• TASK STATEMENT: From the entries below, retype only the lines from the one with "Leto Extra Large Verdigris Urn Water Feature" through the one with "Servicio Público de", exactly as written.

• MATERIALS PROVIDED:
_ _ _ _ _ _ _

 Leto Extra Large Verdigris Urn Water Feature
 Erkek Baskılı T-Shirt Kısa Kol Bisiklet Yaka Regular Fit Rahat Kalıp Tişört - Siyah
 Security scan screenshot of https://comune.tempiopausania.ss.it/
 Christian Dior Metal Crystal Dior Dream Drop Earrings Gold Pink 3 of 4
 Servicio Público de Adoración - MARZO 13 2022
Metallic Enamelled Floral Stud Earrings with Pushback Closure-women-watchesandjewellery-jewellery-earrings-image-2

_ _ _ _ _ _ _

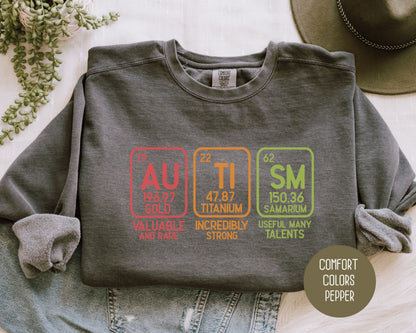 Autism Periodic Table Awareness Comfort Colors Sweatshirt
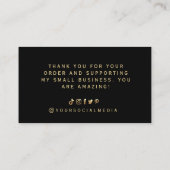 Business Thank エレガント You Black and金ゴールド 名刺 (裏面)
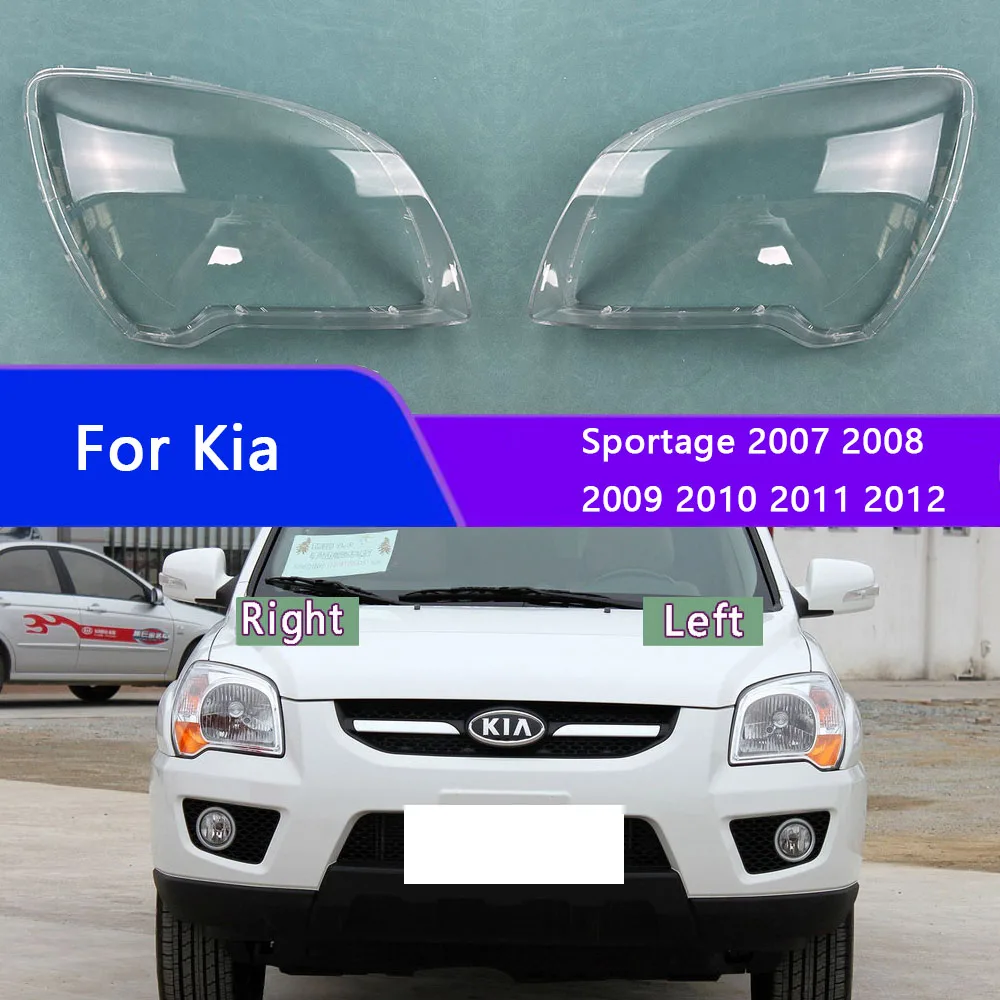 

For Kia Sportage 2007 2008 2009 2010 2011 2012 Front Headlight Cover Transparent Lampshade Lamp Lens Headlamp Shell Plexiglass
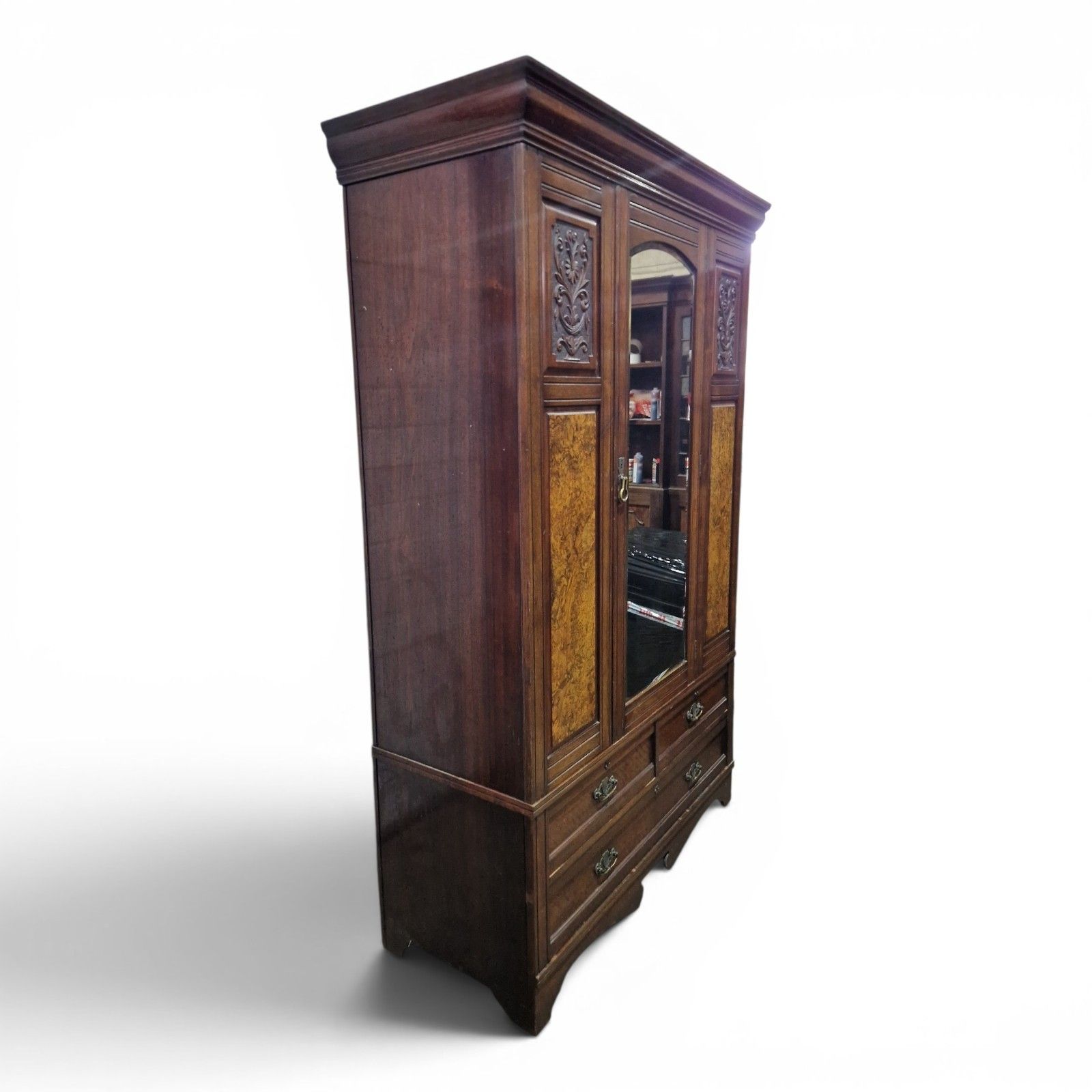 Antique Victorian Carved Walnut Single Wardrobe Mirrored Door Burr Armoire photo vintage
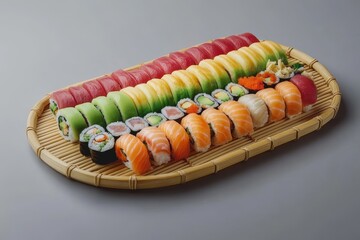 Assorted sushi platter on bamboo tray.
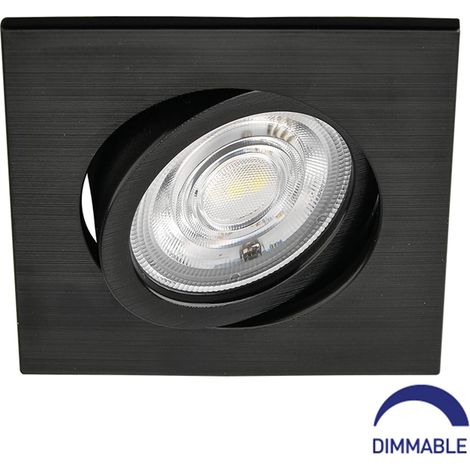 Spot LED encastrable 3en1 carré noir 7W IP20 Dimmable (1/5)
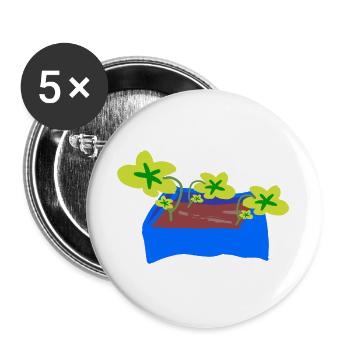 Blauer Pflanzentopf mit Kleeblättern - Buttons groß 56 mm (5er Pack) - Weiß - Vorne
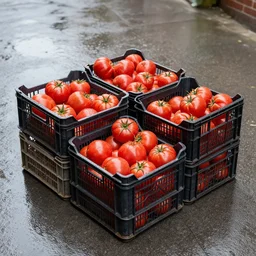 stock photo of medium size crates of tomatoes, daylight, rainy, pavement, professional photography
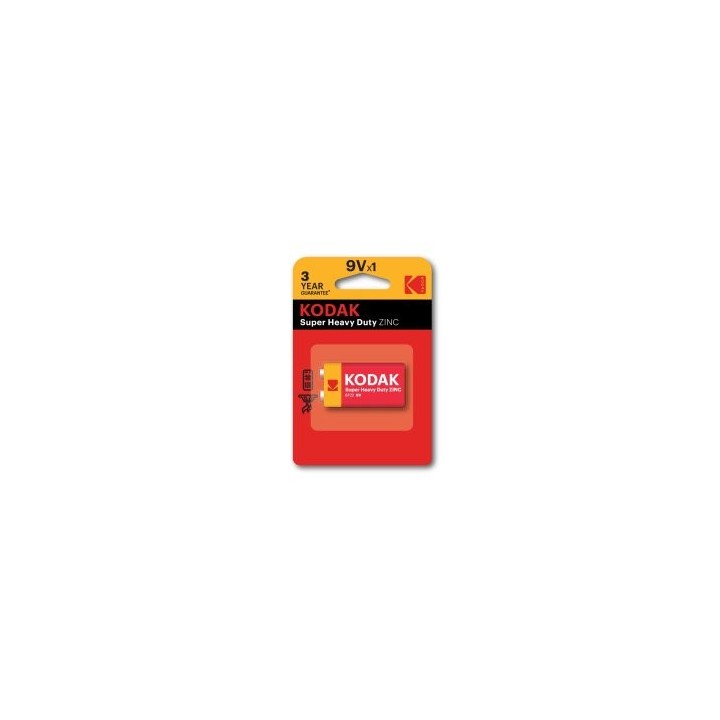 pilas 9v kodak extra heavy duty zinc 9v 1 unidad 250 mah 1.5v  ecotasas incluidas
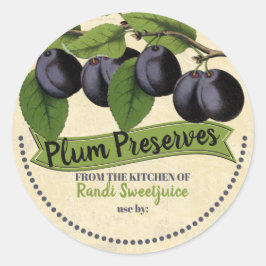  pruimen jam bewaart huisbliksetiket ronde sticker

_ _ _ _ _ _ _

• WRITTEN ANSWER:
 Leto Extra Large Verdigris Urn Water Feature
 Erkek Baskılı T-Shirt Kısa Kol Bisiklet Yaka Regular Fit Rahat Kalıp Tişört - Siyah
 Security scan screenshot of https://comune.tempiopausania.ss.it/
 Christian Dior Metal Crystal Dior Dream Drop Earrings Gold Pink 3 of 4
 Servicio Público de Adoración - MARZO 13 2022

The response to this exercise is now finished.